Ben aradan öncesinden memnundum. Gerçi hala da sorun etmeden izliyorum ama beklenti meselesi sanırım.
Sezon arasına girerken yaptıkları o şeyi çat diye toplasalar olmayacağından hikayeyi dağıttılar. Şimdi de toplamaya çalışıyor yavaştan. O da ancak Oliver ile olacak, ki ona da bir şey kalmadı. Bir de 22 bölümü tamamlama mevzusu tabii…
valla ben de aradan önceki kısımdan memnundum gayet. keyifle izledim ama tatil dönüşü olduramadıklarının farkındayım. geçen zaman aralığını çok kısa tuttular. hiç sarmıyor beni iki bölümdür ama yine de şikayetçi değilim tabii. arada olur umarım çabuk toparlar.
arrow hamlesini toparlaması kısmı bence tam bir facia.
atom konusu beni başta heyecanlandırmıyordu ama bu bölümle beraber bir gaza geldim sanki. bunda felicitynin de etkisi var. o tamam deyince biz de demiş gibi olduk.
günümüz hikayesinden memnunum
Geçen bölüme nazaran bu bölüm çok daha iyiydi.
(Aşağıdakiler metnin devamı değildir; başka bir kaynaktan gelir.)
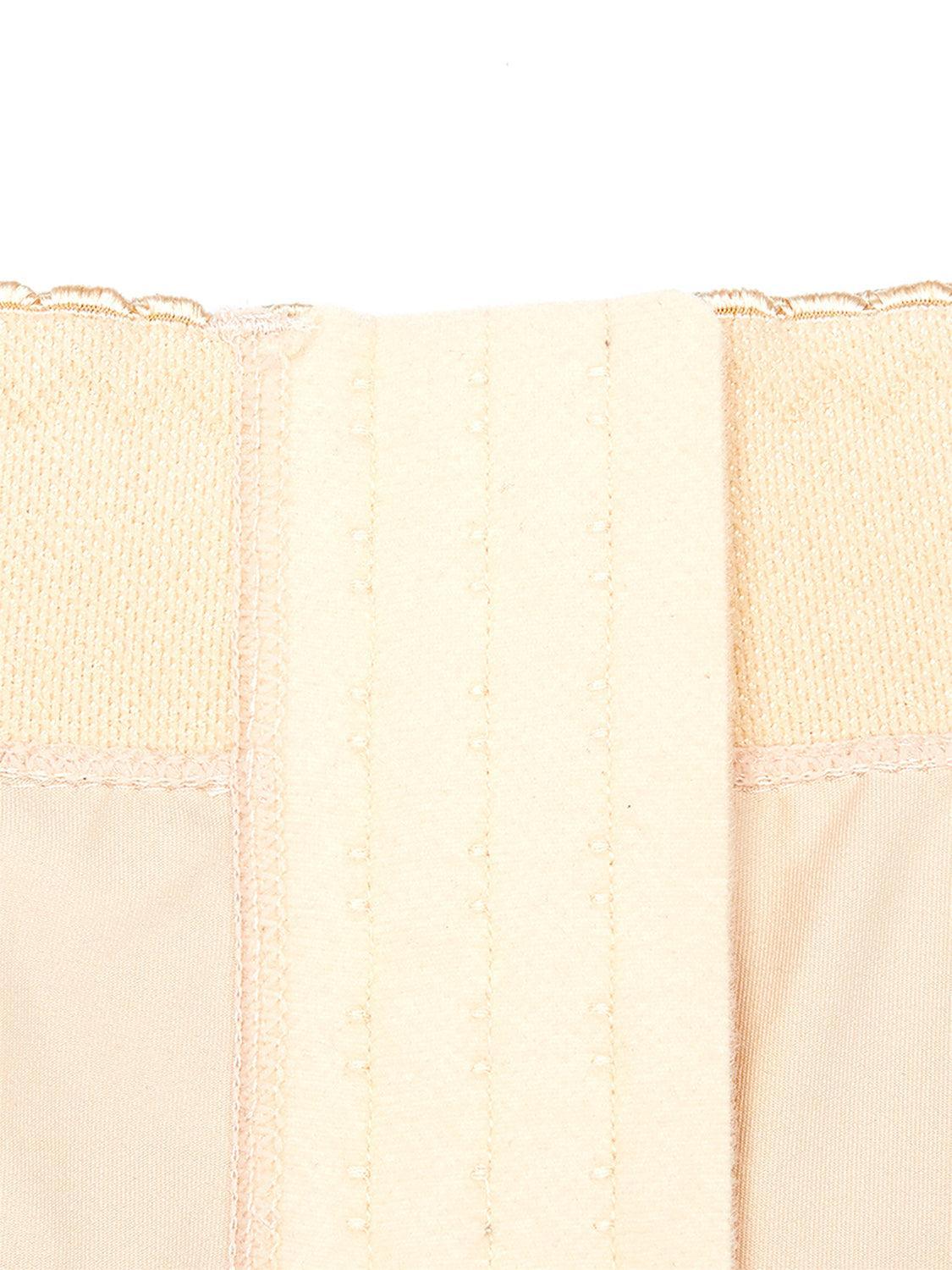 Short moulant à crochets et œillets avec détails en dentelle pleine grandeur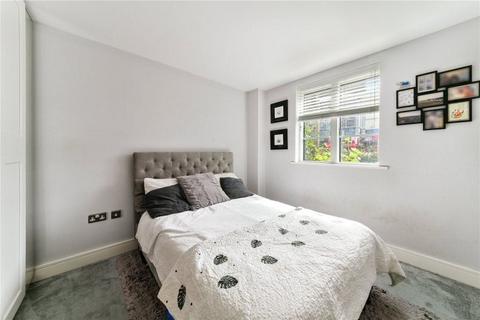 1 bedroom apartment to rent, Baltic Place, London, N1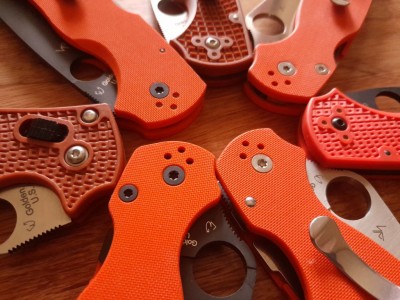 orange_spyderco_2022_01.jpg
Arrow’un 3.sezonunu ben severek izledim izlemeye de devam ediyorum. Flash’a göre daha bir karanlık yapısı var fakat izlettiriyor. Bir de şu iyi oldu:
Black Canary den umutsuzken, izlerken ilk baş Sarayı aradı gözlerim. Özellikle de Laurel dayak yerken Fakat sonradan toparladı kızımız, yapacağına eminim bu işi. Atom konusunda bana Ray Palmer’ın daha çok yolu var gibi geliyor. Süper kahraman havasından uzak şu anda.
Genel olarak dizilerin çoğunda düşüş var gibi. Geçen bölüm büyük beklentiyle oturduğum için doyurmamış olabilir beni fakat bu bölüm gayet güzeldi.
evet ama sezon bu bölümlerin de düşüş olması normal geliyor bana:)
Diger bölümden daha iyidi ama yine sıkıcıydı
biraz ironmanimsi bir hava var gibi ama olmuş yine de. buna ayrı dizi yapılırsa ve izlemek zorunda kalırsam gerçekten üzülecem. kendini izletecek bir oyuncu ya da karakter değil. umarım flashta devam eder.
bence şu an öyle bir şey mümkün değil YAZAR EKİBİ cbs kanalına supergirl dizin hazırlıyor ve ona daha çok önem vermiş durumdalar yaparlarsa 2016-2017 sezon için yaparlar.:)
supergirl’ün uzun soluklu olacağına inanmıyorum ben pek. yanlış kanaldan girdiler supergirl için, üstüne biir de aynı evrende olacak olmasına rağmen. yine de büyük konuşmamak lazım ama feminizmin ağırlıklı olduğu polisiye lafı geçtiğinden beridir uzağım kendisine.